The Society of Professional Journalists named three of journalism's most distinguished individuals as SPJ Fellows at the Society's national convention, Sept. 21, in Washington, D.C. The 1996 fellows are Herb Caen, columnist at The San Francisco Chronicle; Jay T. Harris, chairman and publisher of the San Jose Mercury News; and William W. Headline, CNN vice president.

Through the SPJ Fellows program, the Society honors up to three individuals each year for lifelong contributions to the journalism profession. Nominations are submitted by the Society's board of directors and local chapter officers. Selections are made by a committee of SPJ past national presidents.

Caen is an author and columnist at the Chronicle. He began his career in 1932 at The Sacramento Union and moved to the Chronicle in 1936 as a radio correspondent. When the Chronicle stopped assisting the radio news medium in 1938, Caen tried his hand at local interest columns where he has been ever since. The author of a dozen books, he won a Pulitzer Prize this year for "extraordinary and continuing contribution as a voice and a conscience of his city." A devoted reader once commented, "One word in Herb Caen's column is worth 10,000 pictures!"

Harris began his journalism career in 1970 at the Wilmington (Delaware) News-Journal where he worked as an urban affairs reporter, an investigative reporter and special projects editor. Harris also worked as a national correspondent and columnist for the Gannett News Service covering issues involving race, social justice and politics. He has served on the faculty of the Medill School of Journalism at Northwestern University. Harris took over as publisher of the Mercury News in 1994. His priority with the paper has been broadening and deepening the newspaper's service to an increasingly diverse community.

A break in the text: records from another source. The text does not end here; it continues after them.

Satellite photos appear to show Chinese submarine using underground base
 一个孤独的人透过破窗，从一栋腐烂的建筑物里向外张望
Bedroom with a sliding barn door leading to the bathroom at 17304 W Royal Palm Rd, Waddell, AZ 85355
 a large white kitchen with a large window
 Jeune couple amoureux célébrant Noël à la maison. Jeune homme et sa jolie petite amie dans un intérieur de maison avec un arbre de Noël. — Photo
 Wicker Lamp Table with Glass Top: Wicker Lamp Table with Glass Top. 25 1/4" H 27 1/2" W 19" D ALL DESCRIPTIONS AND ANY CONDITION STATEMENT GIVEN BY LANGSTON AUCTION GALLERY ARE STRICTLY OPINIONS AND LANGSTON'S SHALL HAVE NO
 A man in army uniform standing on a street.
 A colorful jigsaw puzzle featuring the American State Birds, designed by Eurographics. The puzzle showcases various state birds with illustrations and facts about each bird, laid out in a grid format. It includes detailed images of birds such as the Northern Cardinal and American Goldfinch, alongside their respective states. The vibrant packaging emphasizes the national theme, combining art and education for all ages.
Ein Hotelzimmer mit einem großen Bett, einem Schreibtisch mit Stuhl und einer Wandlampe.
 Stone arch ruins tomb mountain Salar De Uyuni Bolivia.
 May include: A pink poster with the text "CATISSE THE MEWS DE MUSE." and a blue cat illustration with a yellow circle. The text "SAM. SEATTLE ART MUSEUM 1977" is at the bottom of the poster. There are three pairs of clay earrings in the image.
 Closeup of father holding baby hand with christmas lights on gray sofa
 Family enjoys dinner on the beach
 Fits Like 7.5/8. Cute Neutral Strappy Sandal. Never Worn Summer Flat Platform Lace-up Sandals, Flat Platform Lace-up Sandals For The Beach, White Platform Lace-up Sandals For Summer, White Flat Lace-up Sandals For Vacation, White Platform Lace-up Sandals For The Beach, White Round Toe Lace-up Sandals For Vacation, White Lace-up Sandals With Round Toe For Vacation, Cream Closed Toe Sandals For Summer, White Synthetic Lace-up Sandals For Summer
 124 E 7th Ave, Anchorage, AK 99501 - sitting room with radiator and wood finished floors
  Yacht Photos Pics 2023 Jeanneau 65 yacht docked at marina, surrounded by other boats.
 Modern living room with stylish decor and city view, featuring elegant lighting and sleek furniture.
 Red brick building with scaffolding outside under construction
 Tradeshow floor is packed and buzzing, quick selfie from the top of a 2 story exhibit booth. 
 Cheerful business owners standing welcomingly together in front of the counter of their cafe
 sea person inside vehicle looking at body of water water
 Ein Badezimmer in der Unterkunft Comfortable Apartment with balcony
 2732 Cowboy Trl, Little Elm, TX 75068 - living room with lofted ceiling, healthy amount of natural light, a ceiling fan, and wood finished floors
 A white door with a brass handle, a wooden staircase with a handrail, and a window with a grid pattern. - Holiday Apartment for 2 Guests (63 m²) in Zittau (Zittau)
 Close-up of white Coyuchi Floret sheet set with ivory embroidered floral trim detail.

Headline joined CNN in 1983 where his responsibilities include special events, special projects and network pool assignments. For more than 12 years, he supervised CNN's Washington bureau. As Chairman of the Network Pool, Headline was instrumental in setting up the television component of the DOD media pool that provided the first coverage of U.S. support in Saudi Arabia following Iraq's attack on Kuwait in August 1990. In his 22 years in Washington, Headline has organized coverage of Watergate, political conventions, papal visits, space shots, presidential inaugurations and Whitewater.